Sunday 26 November 2017

Japanese Film Festival - Barrie Pattison enjoys THE TOKYO NIGHT IS ALWAYS THE DENSEST SHADE OF BLUE (Yuya Ishii, Japan, 2017)

Yûya Ishii’s Yozora wa itsudemo saikô mitsudo no aoiro da/Tokyo Night Sky Is Always the Densest Shade of Blue is purest art movie.

It is derived from a book of poems by a young but successful writer and is in the hands of a young but successful director. It centres on an alienated exploited one-eyed construction worker Sôsuke Ikematsu, hired for the 2020 Tokyo Olympics, who pairs with alienated Shizuka Ishibashi, a nurse and part time girlie bar waitress, who feels abandoned after her mother’s suicide. Her friends tell her to stop talking about death.

There are attempts at showy technique like heat shimmer, four way split screen and animation but multiplex films do those too. The film totally lacks the forward momentum of a commercial movie, going through developments that have no bearing on the outcome and creating a dozen moments where you expect unavailingly to see an end title come up.
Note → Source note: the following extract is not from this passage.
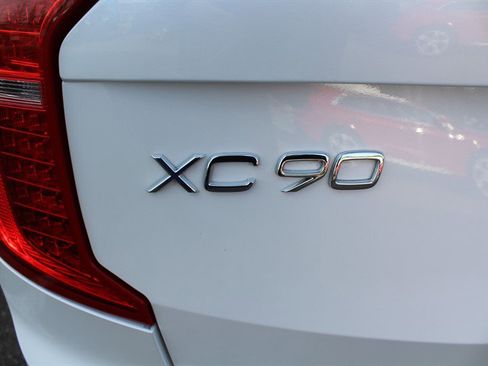 Used 2016 Volvo XC90 T8 Momentum w/ Vision Package image 36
That sound you hear is film festival directors salivating.

Shizuka Ishibashi, The Tokyo Night is Always the Densest Shade of Blue
The background is quite vivid - the detailed construction site which is destroying the workers’ bodies, the dormitories and bars where they drink to make their lives less miserable, the girls-only apartment block where Ishibashi is keeping a surprisingly high maintenance turtle in a temperature controlled tank with an air raid warning monitor.

The pair wander through the Shibuya and Shinjuku districts of Tokyo encountering oddities like a flying airship, a lovable puppy that is captured, caged, put down and incinerated in cartoon form and an ignored girl busker singing about armpit sweat.


Yûya Ishii flew out to introduce the film and he mentioned this. His film is meant to show the things happening around people of which they take no notice - exactly what traditional films try to exclude to focus audience attention. He has a following on the festival circuit but this is the first piece of his work to come my way. Bracket him with Hirokazu Kore-eda.